» Task objective: Set the entries down once more, exactly as they are worded.

─── Supplied records

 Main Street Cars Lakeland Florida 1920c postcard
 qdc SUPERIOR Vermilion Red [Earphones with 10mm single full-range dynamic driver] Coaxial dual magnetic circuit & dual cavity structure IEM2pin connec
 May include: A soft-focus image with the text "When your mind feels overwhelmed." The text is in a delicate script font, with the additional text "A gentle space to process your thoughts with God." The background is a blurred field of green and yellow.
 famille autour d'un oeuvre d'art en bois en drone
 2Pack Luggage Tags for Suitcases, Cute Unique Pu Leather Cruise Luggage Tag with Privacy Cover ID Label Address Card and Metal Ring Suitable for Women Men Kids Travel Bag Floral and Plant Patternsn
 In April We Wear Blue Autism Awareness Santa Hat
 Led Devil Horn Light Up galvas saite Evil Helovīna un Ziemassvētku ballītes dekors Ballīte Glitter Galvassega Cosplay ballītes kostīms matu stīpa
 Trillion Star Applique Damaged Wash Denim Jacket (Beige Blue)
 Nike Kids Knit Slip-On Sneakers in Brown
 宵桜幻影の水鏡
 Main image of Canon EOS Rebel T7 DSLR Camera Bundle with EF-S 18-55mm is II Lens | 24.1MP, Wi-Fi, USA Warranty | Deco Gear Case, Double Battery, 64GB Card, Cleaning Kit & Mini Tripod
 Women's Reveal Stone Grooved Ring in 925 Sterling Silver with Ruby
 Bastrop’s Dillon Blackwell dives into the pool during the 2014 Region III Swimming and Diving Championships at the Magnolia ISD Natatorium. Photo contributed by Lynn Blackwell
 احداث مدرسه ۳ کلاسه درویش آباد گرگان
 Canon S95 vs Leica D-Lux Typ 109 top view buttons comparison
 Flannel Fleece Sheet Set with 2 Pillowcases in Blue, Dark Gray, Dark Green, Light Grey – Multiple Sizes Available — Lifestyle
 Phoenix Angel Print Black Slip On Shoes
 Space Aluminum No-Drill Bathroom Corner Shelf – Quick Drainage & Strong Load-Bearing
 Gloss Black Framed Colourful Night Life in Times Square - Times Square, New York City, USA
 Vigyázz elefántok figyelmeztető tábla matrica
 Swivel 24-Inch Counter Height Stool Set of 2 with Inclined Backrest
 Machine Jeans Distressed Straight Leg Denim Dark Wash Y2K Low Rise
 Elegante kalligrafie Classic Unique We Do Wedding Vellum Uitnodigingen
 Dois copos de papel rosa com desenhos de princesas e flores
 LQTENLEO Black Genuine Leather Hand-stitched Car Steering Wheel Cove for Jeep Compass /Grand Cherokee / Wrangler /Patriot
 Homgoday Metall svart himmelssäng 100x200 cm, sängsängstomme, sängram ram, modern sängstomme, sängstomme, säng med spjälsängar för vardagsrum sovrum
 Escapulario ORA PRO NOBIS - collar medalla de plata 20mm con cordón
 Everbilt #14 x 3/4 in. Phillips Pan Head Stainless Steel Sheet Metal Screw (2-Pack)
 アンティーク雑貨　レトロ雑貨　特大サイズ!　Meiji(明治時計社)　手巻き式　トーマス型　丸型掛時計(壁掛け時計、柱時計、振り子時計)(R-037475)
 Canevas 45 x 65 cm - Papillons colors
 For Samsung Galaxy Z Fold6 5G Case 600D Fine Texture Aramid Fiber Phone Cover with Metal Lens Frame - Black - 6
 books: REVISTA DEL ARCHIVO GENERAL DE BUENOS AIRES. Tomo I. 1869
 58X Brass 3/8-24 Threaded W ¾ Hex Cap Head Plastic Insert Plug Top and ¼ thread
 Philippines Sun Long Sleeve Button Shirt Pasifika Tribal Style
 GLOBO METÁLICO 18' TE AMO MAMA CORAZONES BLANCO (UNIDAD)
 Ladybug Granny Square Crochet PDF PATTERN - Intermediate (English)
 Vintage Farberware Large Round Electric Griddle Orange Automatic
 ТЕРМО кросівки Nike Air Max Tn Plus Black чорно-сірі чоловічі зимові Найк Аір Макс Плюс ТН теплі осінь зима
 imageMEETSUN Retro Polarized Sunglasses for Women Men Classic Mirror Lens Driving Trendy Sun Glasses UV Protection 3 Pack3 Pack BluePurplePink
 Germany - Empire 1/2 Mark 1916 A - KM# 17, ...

──────

» Expected answer:
 Main Street Cars Lakeland Florida 1920c postcard
 qdc SUPERIOR Vermilion Red [Earphones with 10mm single full-range dynamic driver] Coaxial dual magnetic circuit & dual cavity structure IEM2pin connec
 May include: A soft-focus image with the text "When your mind feels overwhelmed." The text is in a delicate script font, with the additional text "A gentle space to process your thoughts with God." The background is a blurred field of green and yellow.
 famille autour d'un oeuvre d'art en bois en drone
 2Pack Luggage Tags for Suitcases, Cute Unique Pu Leather Cruise Luggage Tag with Privacy Cover ID Label Address Card and Metal Ring Suitable for Women Men Kids Travel Bag Floral and Plant Patternsn
 In April We Wear Blue Autism Awareness Santa Hat
 Led Devil Horn Light Up galvas saite Evil Helovīna un Ziemassvētku ballītes dekors Ballīte Glitter Galvassega Cosplay ballītes kostīms matu stīpa
 Trillion Star Applique Damaged Wash Denim Jacket (Beige Blue)
 Nike Kids Knit Slip-On Sneakers in Brown
 宵桜幻影の水鏡
 Main image of Canon EOS Rebel T7 DSLR Camera Bundle with EF-S 18-55mm is II Lens | 24.1MP, Wi-Fi, USA Warranty | Deco Gear Case, Double Battery, 64GB Card, Cleaning Kit & Mini Tripod
 Women's Reveal Stone Grooved Ring in 925 Sterling Silver with Ruby
 Bastrop’s Dillon Blackwell dives into the pool during the 2014 Region III Swimming and Diving Championships at the Magnolia ISD Natatorium. Photo contributed by Lynn Blackwell
 احداث مدرسه ۳ کلاسه درویش آباد گرگان
 Canon S95 vs Leica D-Lux Typ 109 top view buttons comparison
 Flannel Fleece Sheet Set with 2 Pillowcases in Blue, Dark Gray, Dark Green, Light Grey – Multiple Sizes Available — Lifestyle
 Phoenix Angel Print Black Slip On Shoes
 Space Aluminum No-Drill Bathroom Corner Shelf – Quick Drainage & Strong Load-Bearing
 Gloss Black Framed Colourful Night Life in Times Square - Times Square, New York City, USA
 Vigyázz elefántok figyelmeztető tábla matrica
 Swivel 24-Inch Counter Height Stool Set of 2 with Inclined Backrest
 Machine Jeans Distressed Straight Leg Denim Dark Wash Y2K Low Rise
 Elegante kalligrafie Classic Unique We Do Wedding Vellum Uitnodigingen
 Dois copos de papel rosa com desenhos de princesas e flores
 LQTENLEO Black Genuine Leather Hand-stitched Car Steering Wheel Cove for Jeep Compass /Grand Cherokee / Wrangler /Patriot
 Homgoday Metall svart himmelssäng 100x200 cm, sängsängstomme, sängram ram, modern sängstomme, sängstomme, säng med spjälsängar för vardagsrum sovrum
 Escapulario ORA PRO NOBIS - collar medalla de plata 20mm con cordón
 Everbilt #14 x 3/4 in. Phillips Pan Head Stainless Steel Sheet Metal Screw (2-Pack)
 アンティーク雑貨　レトロ雑貨　特大サイズ!　Meiji(明治時計社)　手巻き式　トーマス型　丸型掛時計(壁掛け時計、柱時計、振り子時計)(R-037475)
 Canevas 45 x 65 cm - Papillons colors
 For Samsung Galaxy Z Fold6 5G Case 600D Fine Texture Aramid Fiber Phone Cover with Metal Lens Frame - Black - 6
 books: REVISTA DEL ARCHIVO GENERAL DE BUENOS AIRES. Tomo I. 1869
 58X Brass 3/8-24 Threaded W ¾ Hex Cap Head Plastic Insert Plug Top and ¼ thread
 Philippines Sun Long Sleeve Button Shirt Pasifika Tribal Style
 GLOBO METÁLICO 18' TE AMO MAMA CORAZONES BLANCO (UNIDAD)
 Ladybug Granny Square Crochet PDF PATTERN - Intermediate (English)
 Vintage Farberware Large Round Electric Griddle Orange Automatic
 ТЕРМО кросівки Nike Air Max Tn Plus Black чорно-сірі чоловічі зимові Найк Аір Макс Плюс ТН теплі осінь зима
 imageMEETSUN Retro Polarized Sunglasses for Women Men Classic Mirror Lens Driving Trendy Sun Glasses UV Protection 3 Pack3 Pack BluePurplePink
 Germany - Empire 1/2 Mark 1916 A - KM# 17, ...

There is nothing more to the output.